Today’s crossword by our Monday Maestro is mostly easy but there are also a few difficult clues that yield themselves only after we consider them for a while.

As usual, the answers are whitened. If you want to see any, please select the space within the curly brackets. Wordplay is explained in such a way that, if one wishes, one might work out the answer oneself before proceeding to uncover the solution.

Leave a comment telling us what you thought.  You can also add your assessment by selecting from one to five stars at the bottom of the post.

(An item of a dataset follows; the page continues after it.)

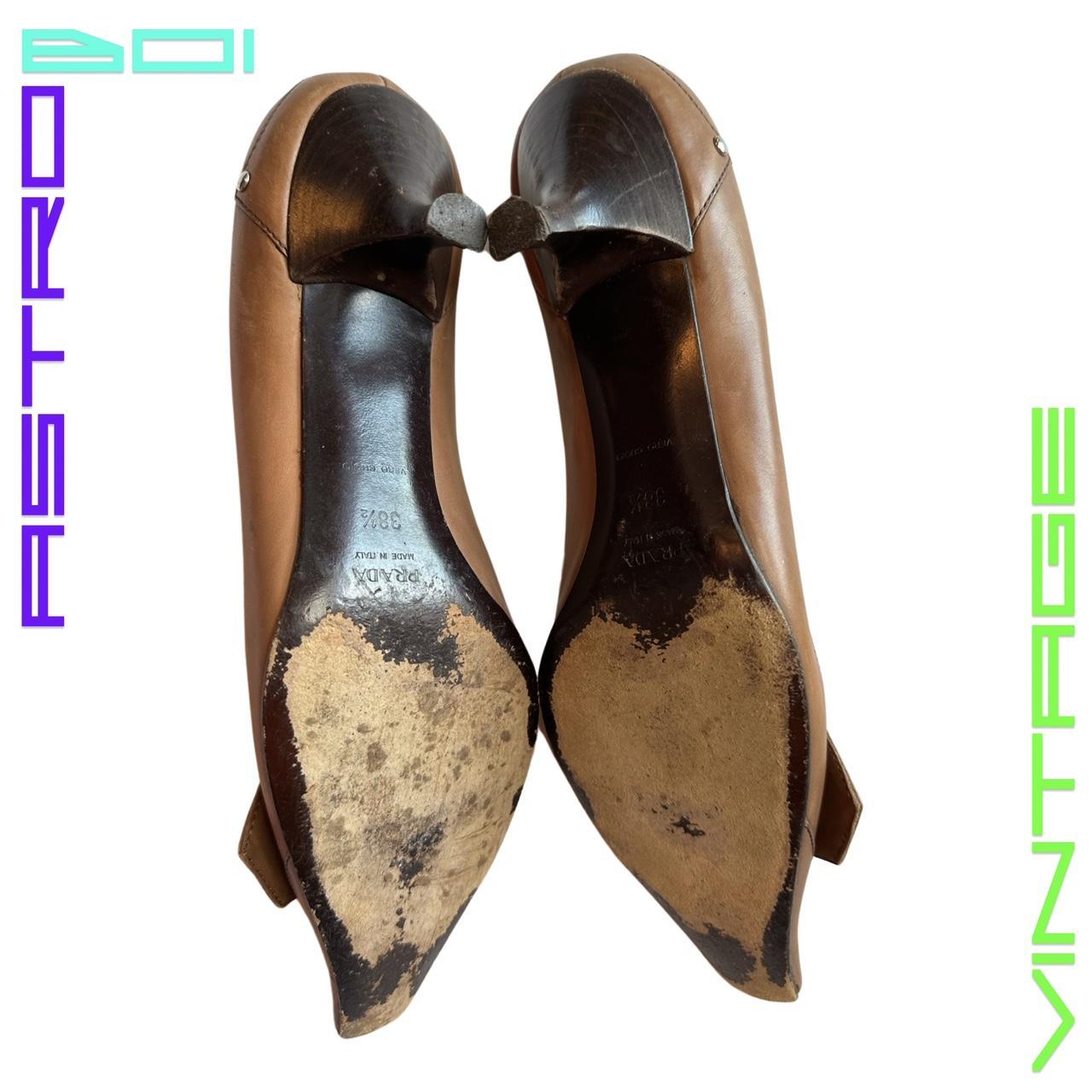 VINTAGE PRADA SQUARE BUCKLE LEATHER HEELS _ BROWN _ 38.5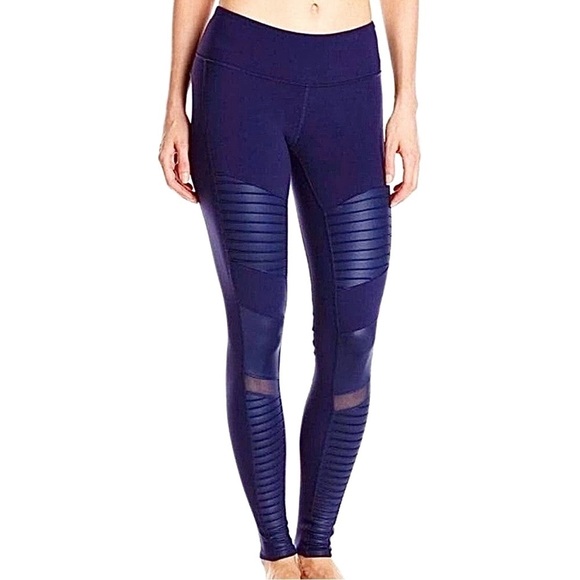 Women’s ALO Yoga Moto Leggings (XS) - Picture 3 of 6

1a Tired out intellectual is not very helpful (11)
{DETRIMENTAL} – Anagram. of TIRED + a word meaning ‘intellectual’. Definition is ‘not very helpful’ ; if help is still needed, try ‘harmful’ as the definition –  Is the definition really helpful?

9a Pluck the strings (4)
{GUTS} –  Two definition – Pluck, n., in the sense of ‘courage’ / ‘strings’, as on a musical instrument.

10a Brief cry of punter foundering (11)
{PERFUNCTORY} –  Anagram of CRY OF PUNTER – definition is ‘brief’ as a glance or inspection might be. – A nice anagram.

11a Group of musicians — or it could be (4)
{TRIO} – Anagram of ORIT – Definition is ‘group of musicians’ similar to ‘quartet’.

14a Caress a girl on the knee (7)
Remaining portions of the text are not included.